◆ Directions ◆
Whenever a line in the data holds the string "Ball", pull that line out.

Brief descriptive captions

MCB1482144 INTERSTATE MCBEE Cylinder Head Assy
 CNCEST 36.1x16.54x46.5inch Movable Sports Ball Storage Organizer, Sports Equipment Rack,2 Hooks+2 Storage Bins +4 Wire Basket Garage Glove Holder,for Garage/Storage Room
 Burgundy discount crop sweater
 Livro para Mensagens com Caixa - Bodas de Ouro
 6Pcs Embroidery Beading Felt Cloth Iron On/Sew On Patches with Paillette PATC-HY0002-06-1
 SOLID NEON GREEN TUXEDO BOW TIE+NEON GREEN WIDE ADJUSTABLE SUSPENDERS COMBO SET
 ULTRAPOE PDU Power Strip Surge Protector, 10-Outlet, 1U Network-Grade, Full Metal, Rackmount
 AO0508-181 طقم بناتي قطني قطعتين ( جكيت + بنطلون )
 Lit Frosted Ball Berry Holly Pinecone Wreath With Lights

◆ Task output ◆
 CNCEST 36.1x16.54x46.5inch Movable Sports Ball Storage Organizer, Sports Equipment Rack,2 Hooks+2 Storage Bins +4 Wire Basket Garage Glove Holder,for Garage/Storage Room
 Lit Frosted Ball Berry Holly Pinecone Wreath With Lights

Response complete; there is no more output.